Weather in San Francisco and Pacifica: 3 Short Poems
1. Unseasonable
Wind howls 'round corners;
button coat, don mittens.
Gray sky lowers,
and blows wet in my face.
Clammy plaster of fog; fangs on the wind.
Chill and damp:
Summer has come
to Pacifica.
Misty, Damp Day
2. Sunrise-Set
I stood on the western cliffs
in the fog.
As I watched,
the sun came out,
and went down.
You have to live in Pacifica
to understand.
Fog Obscures Everything
3. Illusions
Fog sifts into coast,
brilliant glare of sun obscured:
Fog makes sun the moon.
Sun Looks Moon-Like
Backstory to This Poem
From 1976 until 1997, I lived in Pacifica, California. It was where the houses we could afford were, but I detested the weather, especially in the summer months.

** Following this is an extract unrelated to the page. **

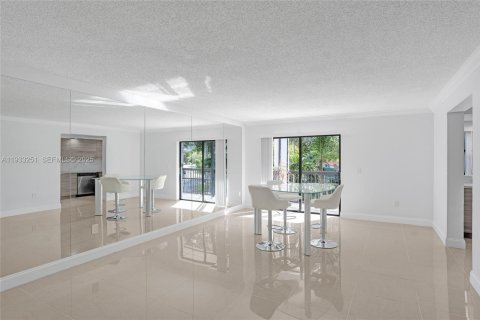 Copropriété à louer à Fort Lauderdale, Floride: 2 chambres, 89.93 m2 № 1993511 - photo 3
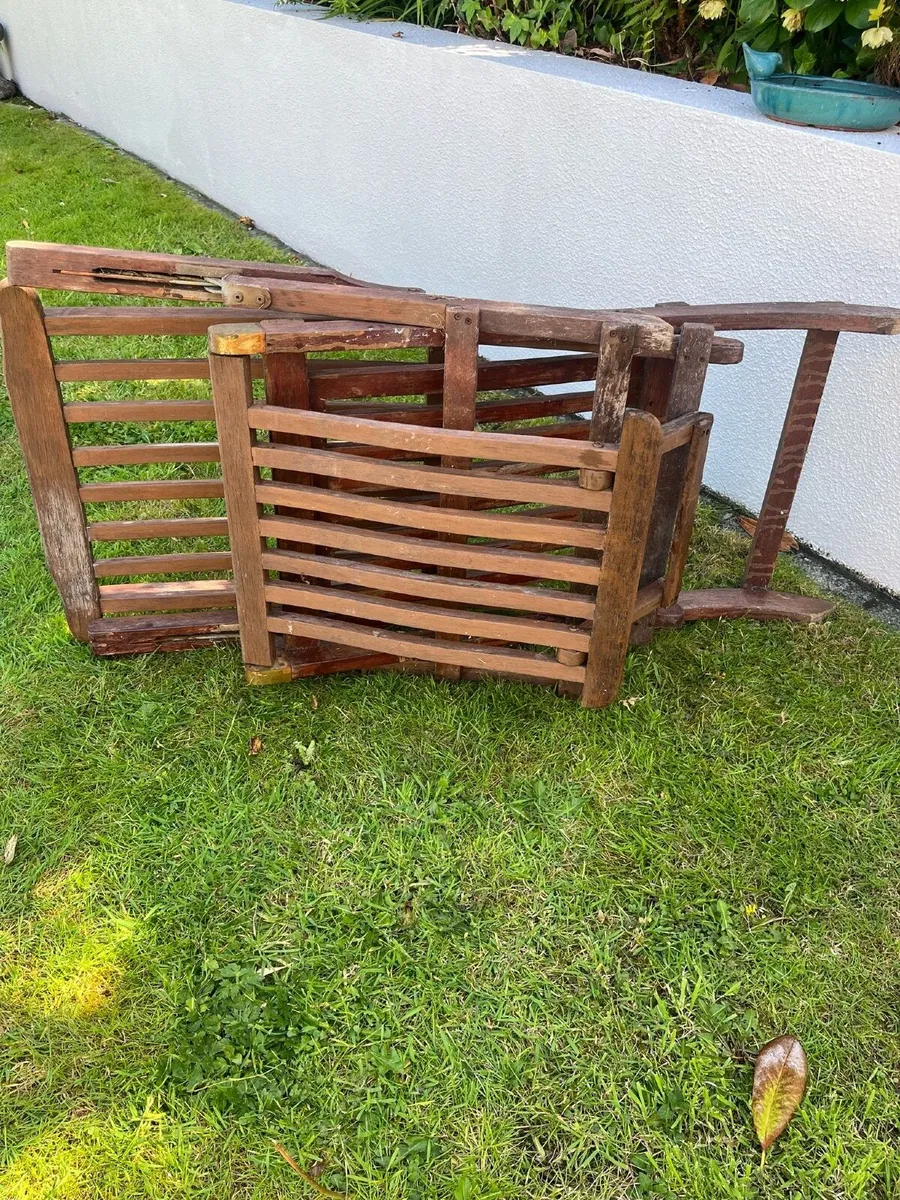 Matching solid teak wood deck chairs - Image 3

Fog was the prevailing theme, morning, noon, and night. Sometimes, living atop a ridge as we did, we were enveloped inside the fog, and visibility was near nil. It caused my younger daughter to realize the answer to her own question of, "What's it like inside a cloud?"
At other times, the fog was low-lying, and driving down from our hilltop toward the beach, we'd be asking, "Okay, who stole the ocean?"
Pacifica is a town on the Pacific Ocean, just south of San Francisco. The two cities share many weather traits, although San Francisco has more micro climates than does Pacifica.
"Unseasonable" was written in April of 1987; "Sunrise-Set" was written in August of the same year; and "Illusions" was penned in May of 1988. All three were revised in May of 2010, and a final minor revision was done in February of 2018.